1) Multiply the first equation by 4 to make the coefficients of y the same:
4(-9x + y) = 4(12)
-36x + 4y = 48
2) Add the equations together to eliminate y:
(2x + 4y) + (-36x + 4y) = -28 + 48
-34x = 20
3) Solve for x:
x = 20/(-34)
x = -10/17
4) Substitute the value of x into either equation to solve for y:
-9(-10/17) + y = 12
90/17 + y = 12
y = 12 - 90/17
y = (204 - 90)/17
y = 114/17
Therefore, the solution to the system of equations is x = -10/17 and y = 114/17.

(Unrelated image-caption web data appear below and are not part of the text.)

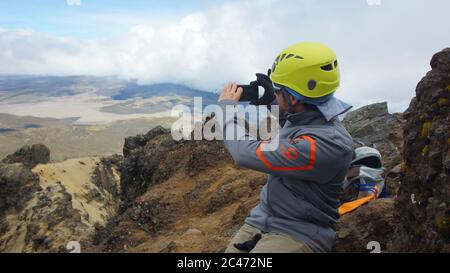 Parque Nacional Cotopaxi, Cotopaxi / Ecuador - 2 agosto 2017: Scalatore maschile che scatta foto del paesaggio dalla cima del vulcano Ruminahui all'interno Foto Stock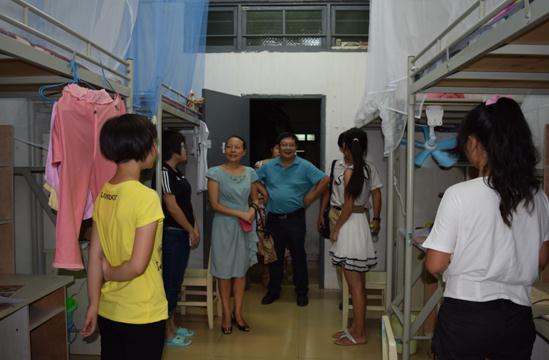 用温暖笑容，迎接阳光新生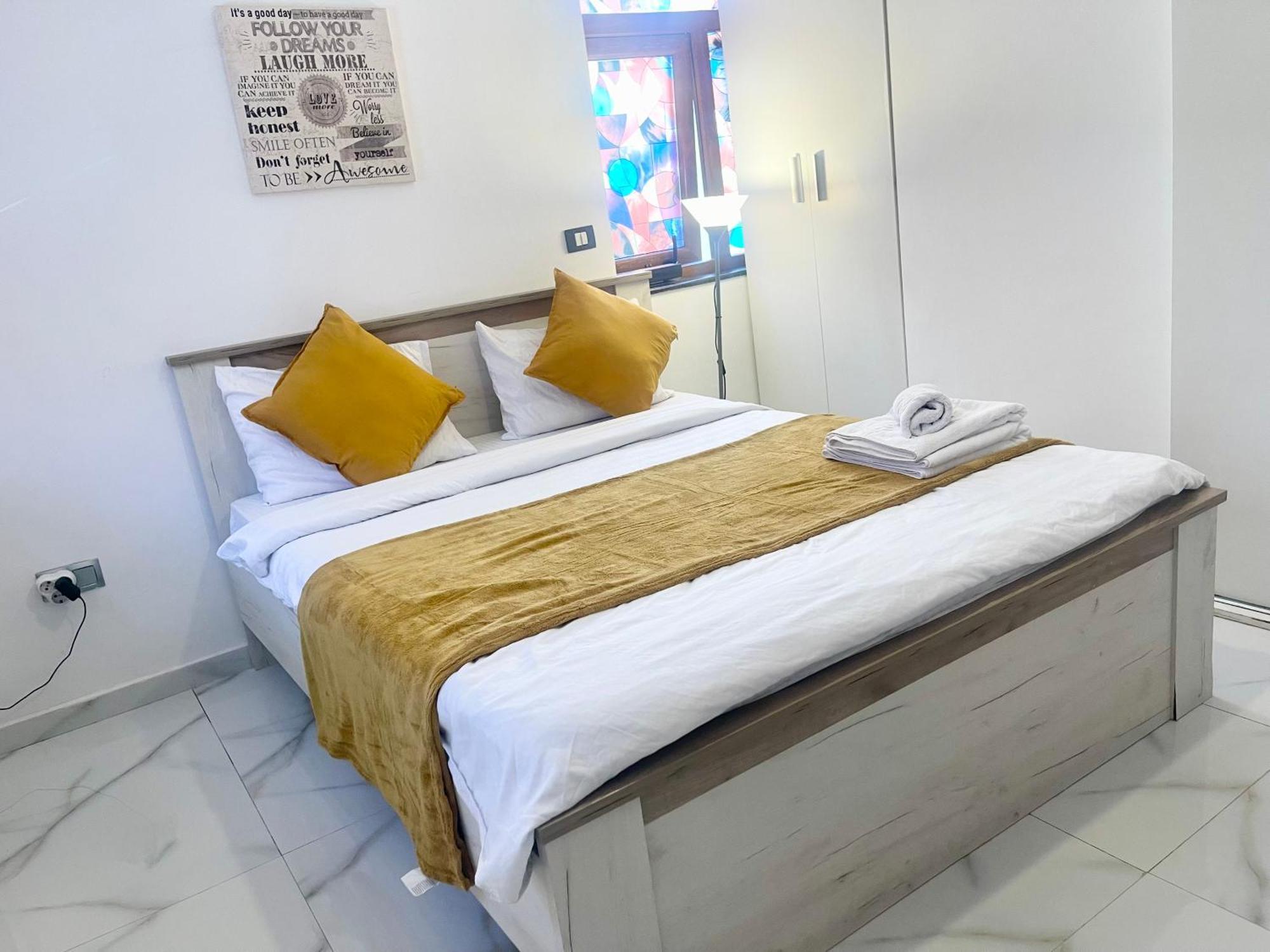 White Studio بوخارست المظهر الخارجي الصورة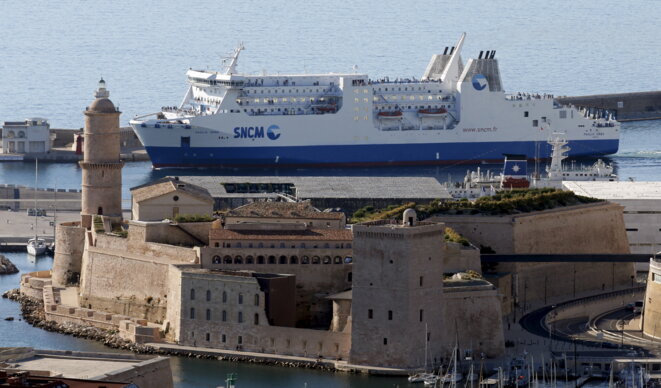 Un navire de la SNCM, à Marseille, le 26 juin 2015. © Jean-Paul Pélissier (Reuters)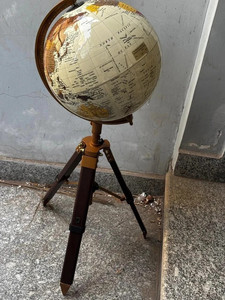 Globo Terráqueo Náutico Antiguo de Latón con Mapa del Mundo, Iluminación y Función Giratoria, Diseño Industrial, Soporte de Trípode de Latón - Product Image 5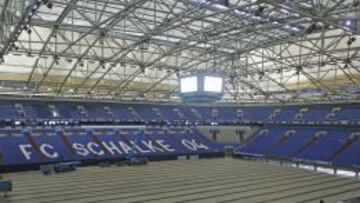 El estadio Veltins-Arena, del Schalke, sin césped.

Solve the system of equations
6x+2y=-18
3x+y=24
6x+2y=-18
3x+y=24
We could solve the system of equations using the method of substitution or the method of elimination. Here, I will solve it using the method of substitution:
1) Solve one equation for a variable in terms of the other variable. Let's solve the second equation for y:
y = 24 - 3x
2) Substitute the expression for y into the first equation:
6x + 2(24 - 3x) = -18
3) Distribute and simplify the equation:
6x + 48 - 6x = -18
48 = -18
4) Since 48 does not equal -18, there is no solution to this system of equations.
Therefore, the system of equations is inconsistent and has no solution.
1) Solve one equation for a variable in terms of the other variable. Let's solve the second equation for y:
y = 24 - 3x
2) Substitute the expression for y into the first equation:
6x + 2(24 - 3x) = -18
3) Distribute and simplify the equation:
6x + 48 - 6x = -18
48 = -18
4) Since 48 does not equal -18, there is no solution to this system of equations.
Therefore, the system of equations is inconsistent and has no solution.